Sobriety Navigator: Physical boundaries & co-dependency.
Boundaries are a vital part of the development of our individuality. Having healthy physical boundaries reinforces our sense of who we are as individuals, promotes dignity, self-respect and healthy self-esteem. They empower and teach us how to properly interact with others.
When a child is physically abused or neglected they will naturally feel bad about themselves, having been demeaned and belittled. These physical actions of abuse teach the child that, “You don’t matter.” The only defense is to “tune out,” in order to cope with the overwhelming feelings of anger, hurt, grief, shame and sense of abandonment.
When a child is sexually abused, the impact of the violation is so toxic and disgusting the child will disassociate in an attempt to escape the emotional environment the sexual abuser created. This violation, like no other, can send a child so deep inside of himself (or herself) that he can lose touch with reality in order to cope and survive.

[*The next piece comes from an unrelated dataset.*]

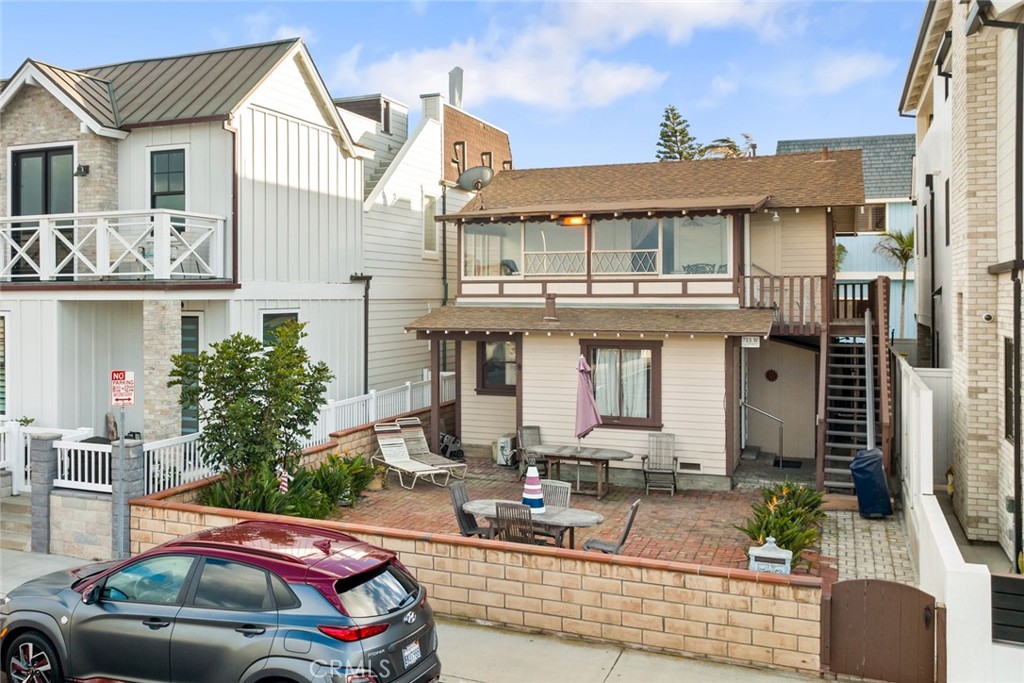 713 W Balboa Boulevard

Personal privacy violations, such as not being allowed to lock the bathroom door at an age appropriate time, creates a stressful, anxiety provoking internal response that can make the child feel like he is under a microscope. These constant physical boundary violations can make a child rigid, repress themselves and act in robotic like ways in an attempt to control what’s going on inside. Feeling exposed at all times can become so stressful that the child will start to disassociate from the emotional exhaustion these physical violations produce.

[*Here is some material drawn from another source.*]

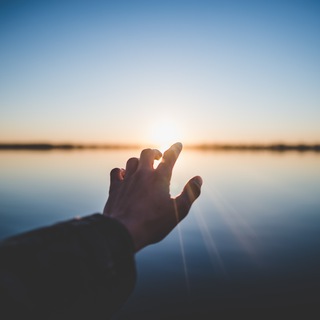 Логотип @interesno_co - Думай. Делай. Делись.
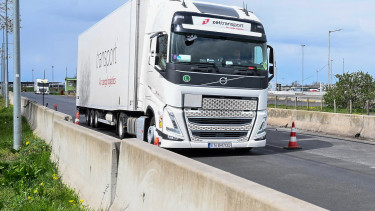 Megvan a megállapodás: két részletben jön az útdíjemelés, ami minden magyar fuvarozót érint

When a parent walks around inappropriately covered and body parts are thinly veiled, or when a parent or adult family member dresses or undress in front of children (same sex or not) it can provoke toxic feelings of disgust and contempt. These are prime examples of a lack of respect and physical boundary violation.

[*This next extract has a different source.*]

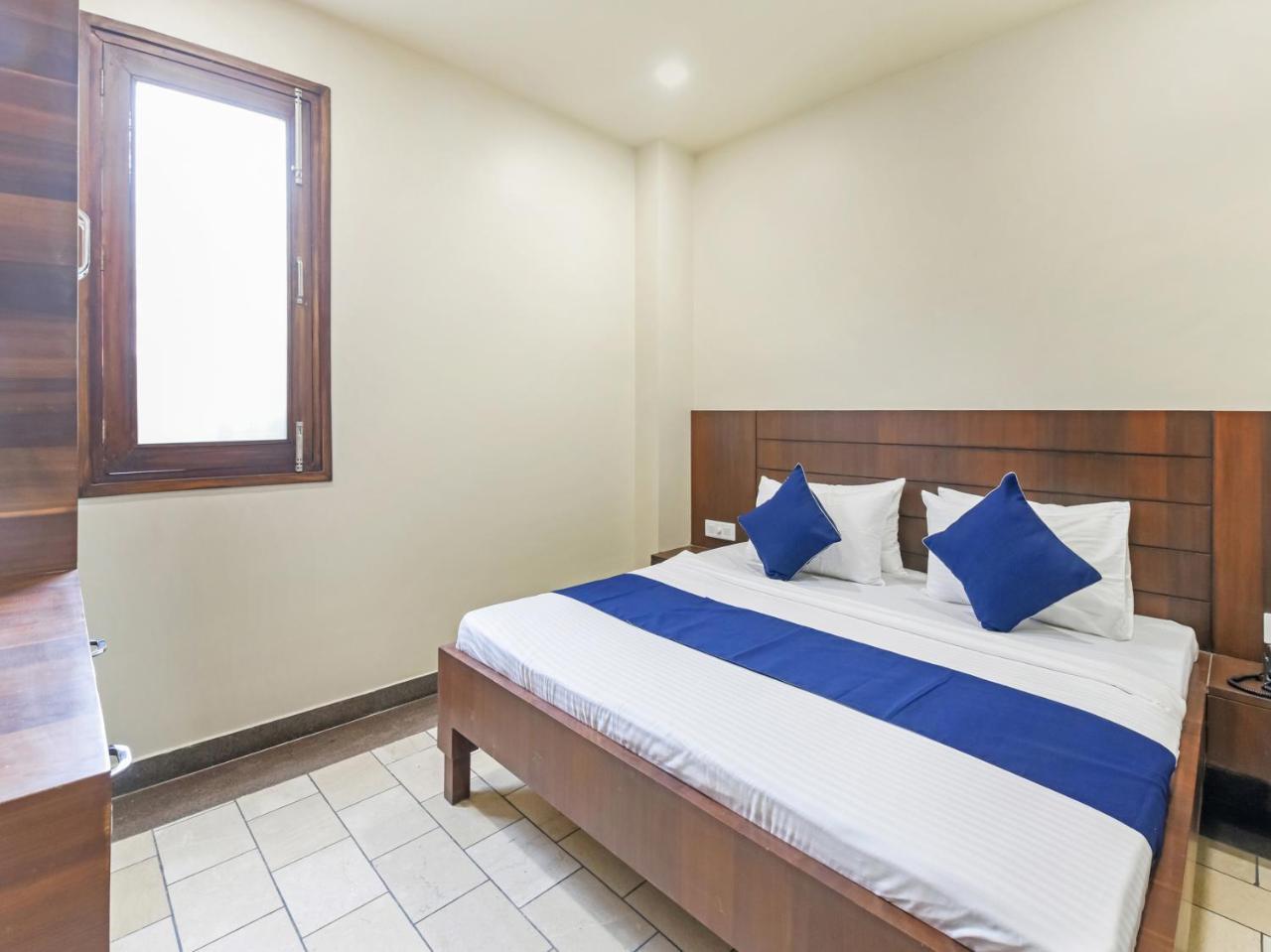 Hotel Fabexpress Marigold I Nuova Delhi Esterno foto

The lack of physical boundaries when eating can also be toxic and shame provoking. When a person has no qualms about taking food off your plate, or picks up your eating utensils and uses them, or grabs the food right out of your hand, these are all violations. A mother who fixes a meal for the family, puts a utensil in her mouth and then back in the main dish, has committed a violation. She makes everyone eat after her.
Violating physical boundaries can cause psychological damage. The most common response to these violations is a pattern of tuning out. Over time, this pattern will often become a habit. The habit of tuning out can, in time, rob us of the present, not only as a child, but also an adult. We can lose touch with reality. Life becomes hazy and we may feel like we are crazy. When children are forced to deny their reality, they will often lose touch and they will sicken.
Growing up in a household without physical boundaries creates people who may never know who they truly are. The process of claiming one's authentic identity is accelerated and enhanced by learning and applying bounaries.